Przejdź do treści
Przejdź do stopki

Wybory w cieniu ataków

Treść

Prawie 500 ataków bojowników islamskich odnotowano podczas sobotnich wyborów parlamentarnych w Afganistanie. To drugie głosowanie w tym kraju od momentu obalenia w 2001 roku rządu talibów. W wyniku ataków zginęło co najmniej 25 osób, w tym 7 cywilów, 11 policjantów i żołnierzy afgańskich, 4 żołnierzy sił międzynarodowych oraz 3 członków Niezależnej Komisji Wyborczej (IEC).
Komisja wyborcza podała, że 8 proc. z 5816 lokali wyborczych albo nie zostało otworzonych ze względów bezpieczeństwa, albo nie poinformowały one o otwarciu.
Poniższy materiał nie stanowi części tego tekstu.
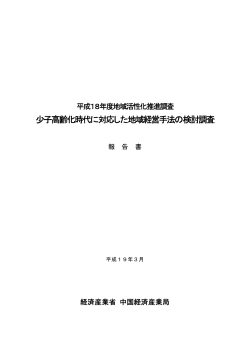 少子高齢化時代に対応した地域経営手法の検討調査 - 中国経済産業局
Wcześniej też, po licznych groźbach ze strony talibów, komisja zrezygnowała z otworzenia ponad tysiąca miejsc głosowania. Jak zauważa Agencja Reutera, ataki talibów i liczba zamkniętych w związku z nimi lokali wyborczych są głównym powodem obaw o niską frekwencję, która może zaszkodzić i wynikom, i wiarygodności głosowania. Jak bowiem wynika z informacji podawanych przez IEC, do urn poszło zaledwie 3,6 mln obywateli, czyli około 40 proc. uprawnionych. Zagraniczni obserwatorzy obawiają się także oszustw wyborczych, gdyż podczas wyborów prezydenckich z ubiegłego roku Komisja ds. Skarg Wyborczych odrzuciła aż jedną trzecią głosów, uznając je za sfałszowane. Jeszcze przed sobotnim głosowaniem oraz w jego trakcie pojawiały się doniesienia o nieprawidłowościach, w tym o fałszywych kartach do głosowania oraz próbach przekupienia i zastraszania wyborców. Jak podaje AFP, w Kabulu wielu głosującym udawało się także zmyć z palców tusz, który potwierdza oddanie głosu, a który miał być niezmywalny.
Pomimo jednak tych nieprawidłowości i prób zakłócenia przebiegu głosowania sekretarz generalny NATO Anders Fogh Rasmussen chwalił Afgańczyków, "że nie dali się zastraszyć i wzięli udział w kształtowaniu lepszej drogi swojego kraju". Rasmussen docenił także władze Afganistanu za przygotowanie wyborów, zaś afgańskim siłom bezpieczeństwa pogratulował "odporności oraz rosnących zdolności do planowania i przeprowadzenia działań zabezpieczających". Dzięki nim bowiem, choć w trakcie sobotnich wyborów doszło do rekordowej liczby ataków, liczba ofiar śmiertelnych była ponaddwukrotnie mniejsza aniżeli w przypadku wyborów prezydenckich z 2009 roku, w czasie których doszło do niemal tak samo dużej liczby zamachów.
W sobotę Afgańczycy wybierali 249 deputowanych do Zgromadzenia Narodowego (Wolesi Dżirga) spośród 2500 kandydatów (w tym 386 kobiet). Wstępne rezultaty wyborów będą jednak znane nie wcześniej niż 8 października, a ostateczne dopiero po 30 października.